**Assignment**
Omit all pictures. Print the remaining lines exactly, from the start of the data through the line containing "ジラソーレ西庄Ⅰ（101） 設備".

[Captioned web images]
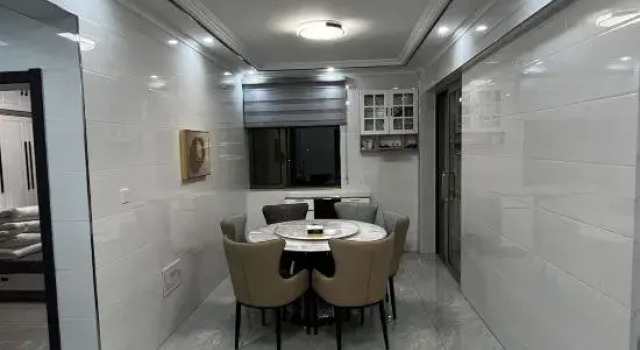 Люкс Deluxe Dulan Geer Homestay
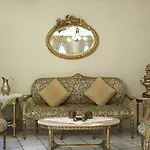 Отель Valide Sultan Konagi Стамбул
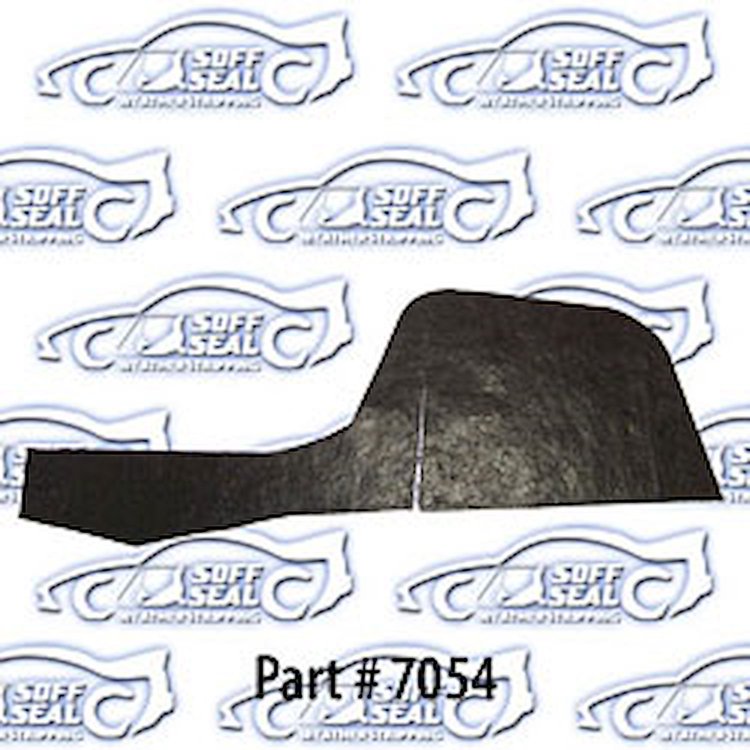 A-Arm Seals W/ Staples 68-72 Oldsmobile Cutlass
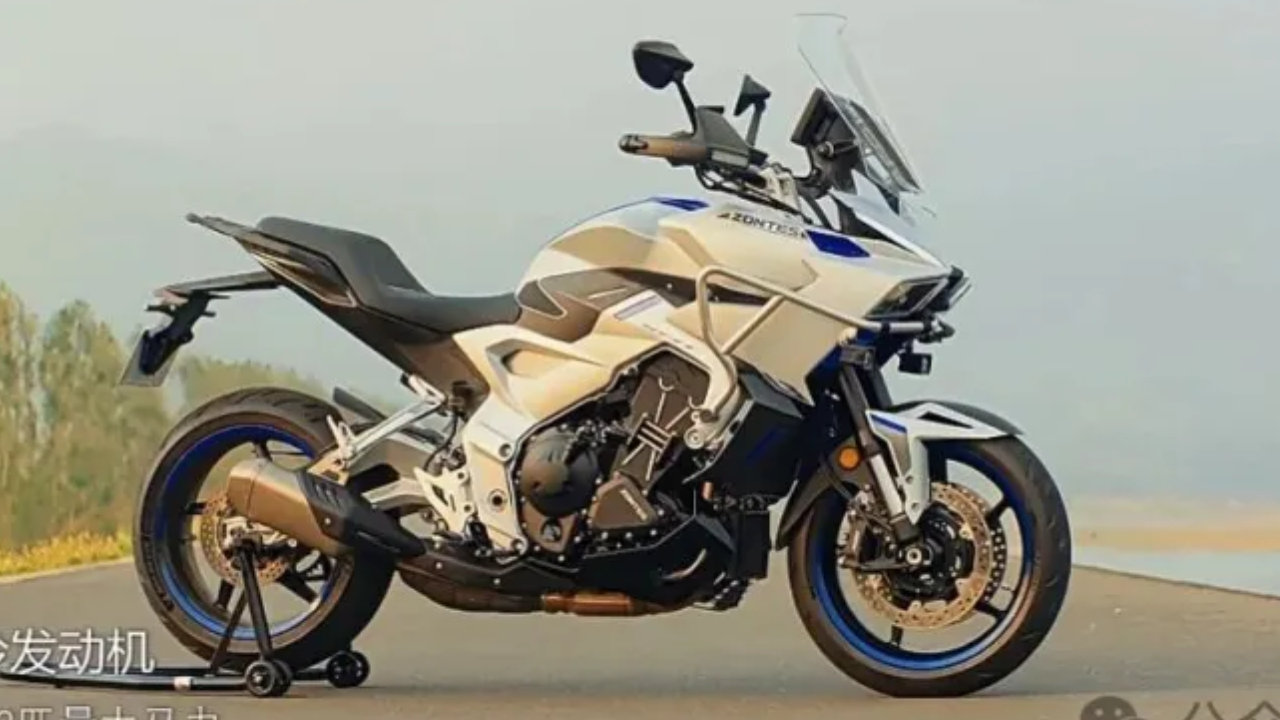 日清38800元，布雷博41300元，升仕703T公布价格，在你意料之中吗？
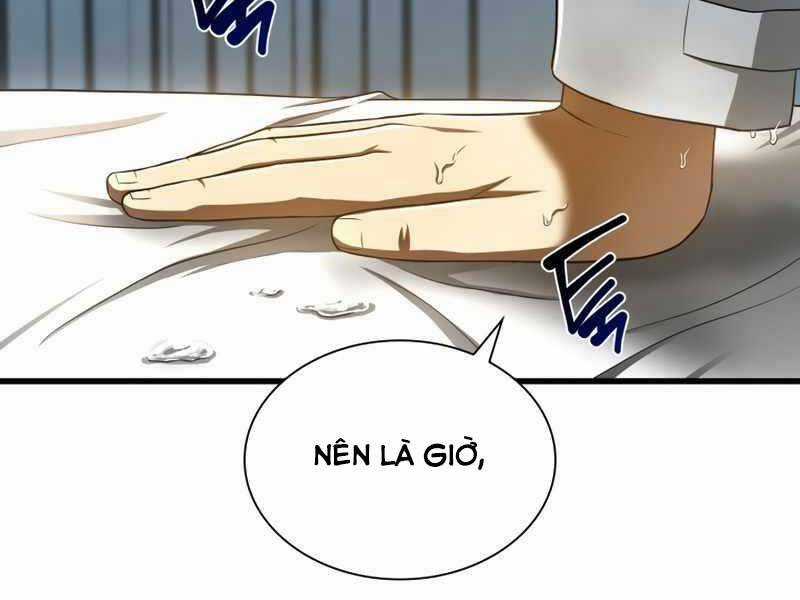 Bác Sĩ Hoàn Hảo Chapter 29 trang 112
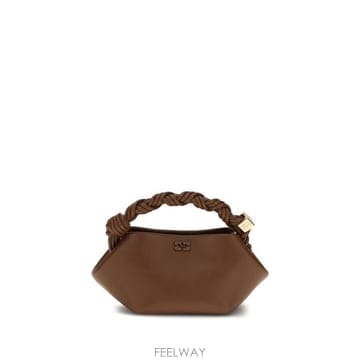 GANNI 26FW ���� ����� C2100035 ZXJ BROWN26FW ���� ����� C2100035 ZXJ BROWN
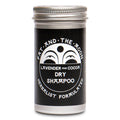 Lavender + Cocoa Dry Shampoo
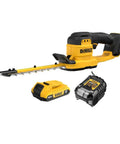 DeWalt Hedge Trimmer DEW-DCHT823D1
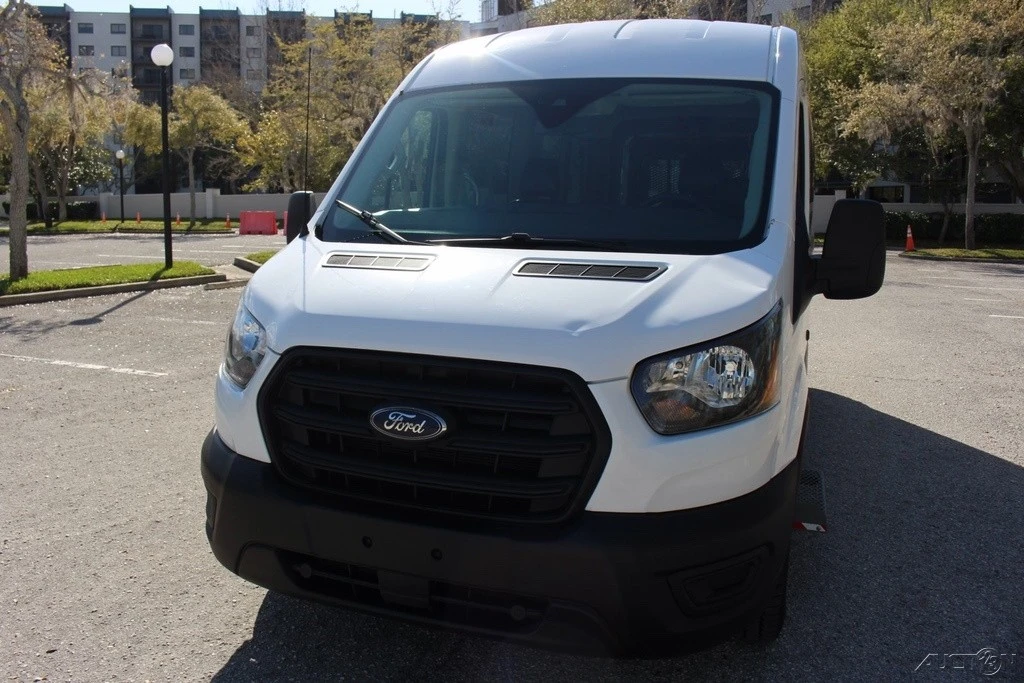 2020 Ford Transit - Image 21 of 24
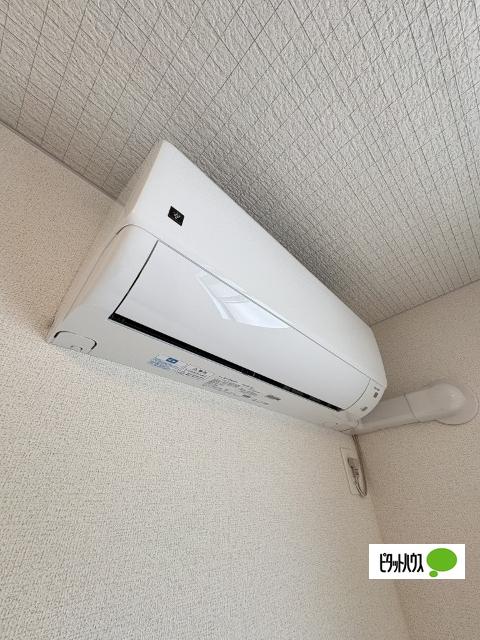 ジラソーレ西庄Ⅰ（101） 設備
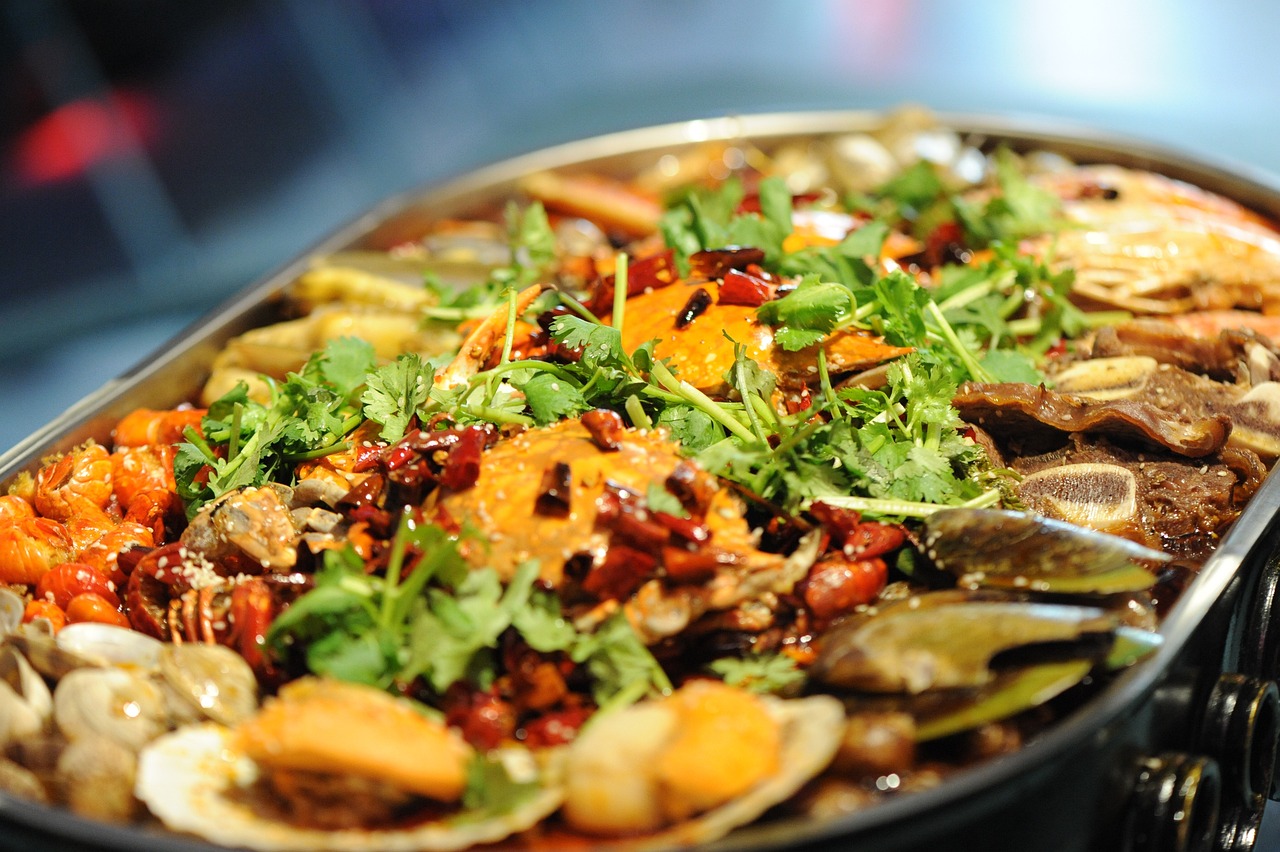 New England Elegance Lives On in JFK’s Favorite Clambake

**Your solution**
 Люкс Deluxe Dulan Geer Homestay
 Отель Valide Sultan Konagi Стамбул
 A-Arm Seals W/ Staples 68-72 Oldsmobile Cutlass
 日清38800元，布雷博41300元，升仕703T公布价格，在你意料之中吗？
 Bác Sĩ Hoàn Hảo Chapter 29 trang 112
 GANNI 26FW ���� ����� C2100035 ZXJ BROWN26FW ���� ����� C2100035 ZXJ BROWN
 Lavender + Cocoa Dry Shampoo
 DeWalt Hedge Trimmer DEW-DCHT823D1
 2020 Ford Transit - Image 21 of 24
 ジラソーレ西庄Ⅰ（101） 設備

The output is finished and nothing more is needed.